» The input
• • •

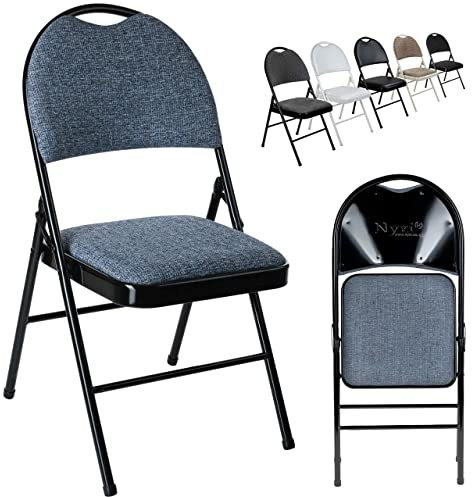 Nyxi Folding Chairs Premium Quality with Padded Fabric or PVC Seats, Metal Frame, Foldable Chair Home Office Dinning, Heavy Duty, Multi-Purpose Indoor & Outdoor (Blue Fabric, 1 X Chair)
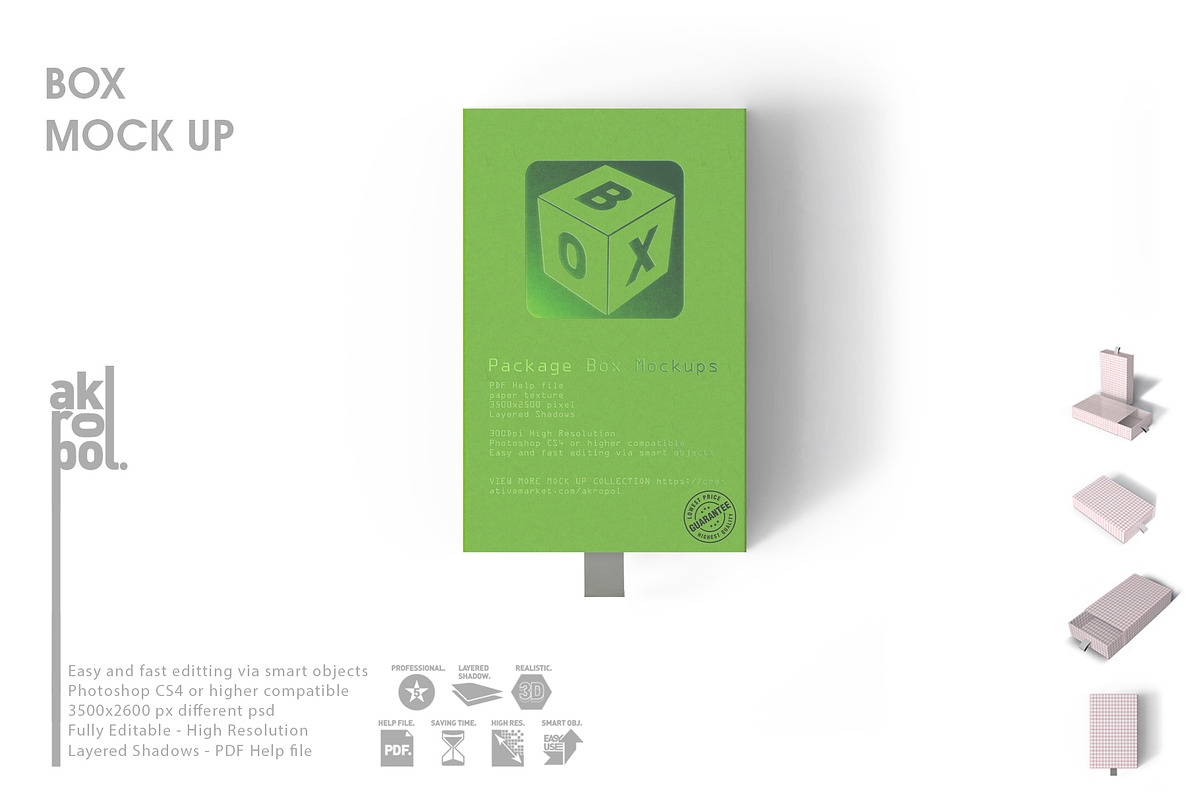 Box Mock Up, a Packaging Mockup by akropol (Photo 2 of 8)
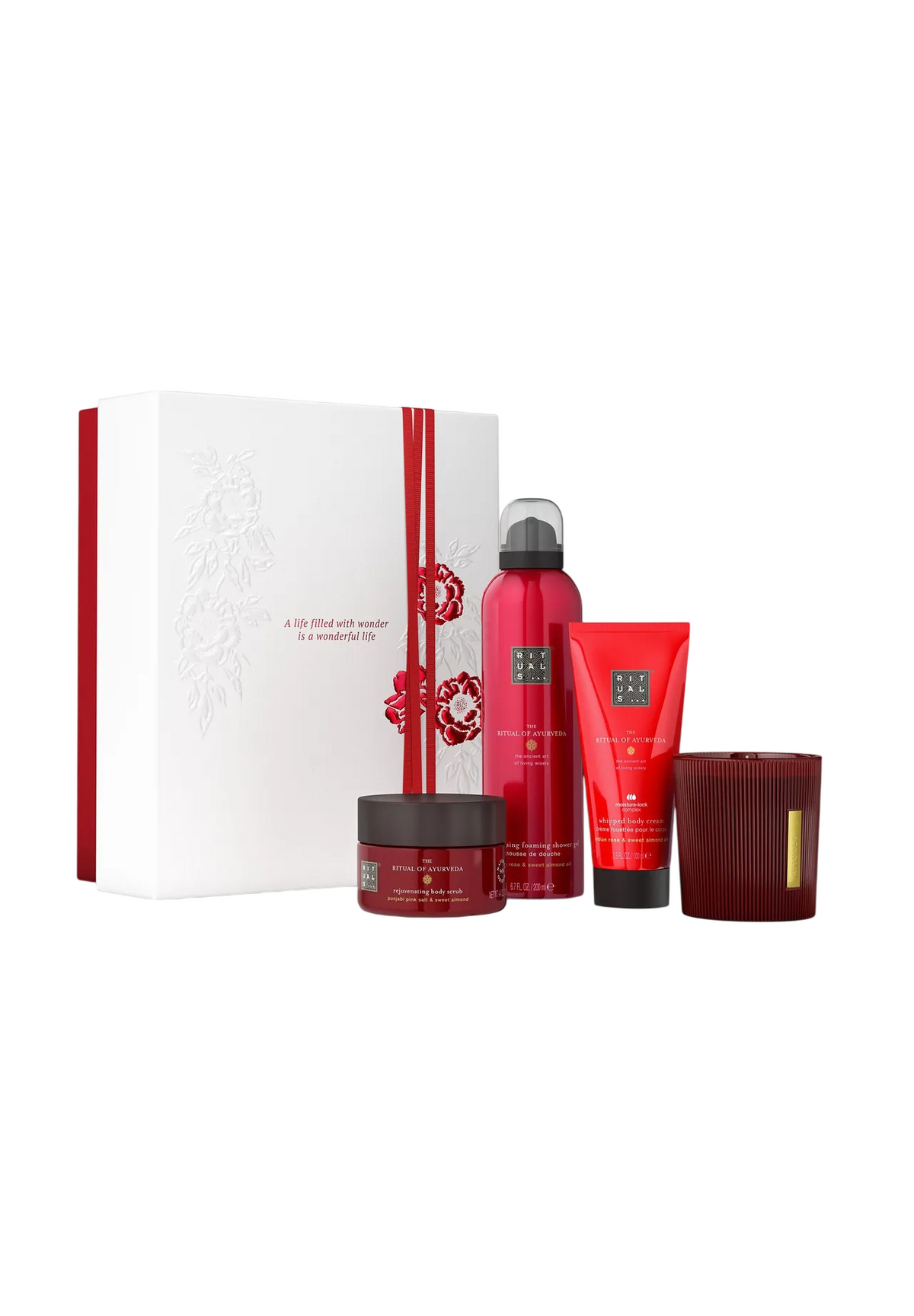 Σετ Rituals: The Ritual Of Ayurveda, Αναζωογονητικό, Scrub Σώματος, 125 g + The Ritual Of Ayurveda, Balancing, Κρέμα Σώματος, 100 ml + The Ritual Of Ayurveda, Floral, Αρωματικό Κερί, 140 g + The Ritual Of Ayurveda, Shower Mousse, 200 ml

• • •

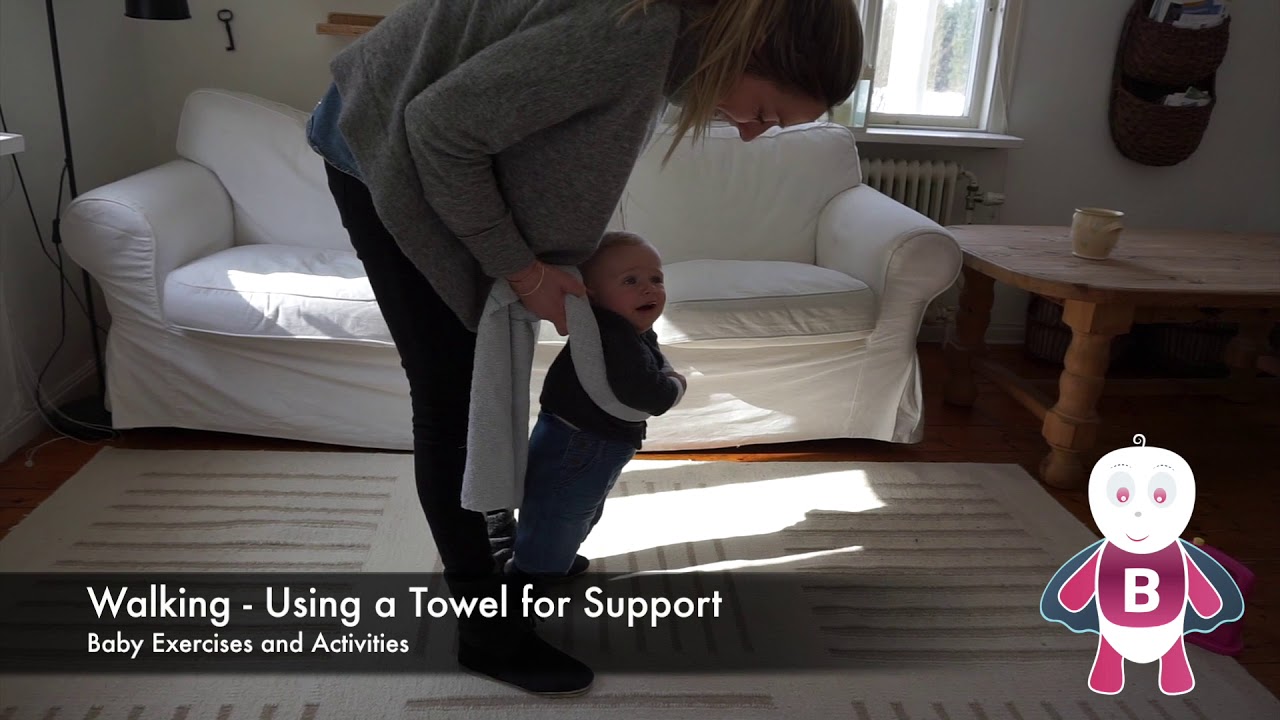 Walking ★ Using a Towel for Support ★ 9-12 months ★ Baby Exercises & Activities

• • •

» Aim of the exercise
Since the pictures are not part of the copy, please transcribe only the lines above from the one with "Box Mock Up, a" through the one with "Σετ Rituals: The", exactly and with both ends.

» Exercise output
 Box Mock Up, a Packaging Mockup by akropol (Photo 2 of 8)
 Σετ Rituals: The Ritual Of Ayurveda, Αναζωογονητικό, Scrub Σώματος, 125 g + The Ritual Of Ayurveda, Balancing, Κρέμα Σώματος, 100 ml + The Ritual Of Ayurveda, Floral, Αρωματικό Κερί, 140 g + The Ritual Of Ayurveda, Shower Mousse, 200 ml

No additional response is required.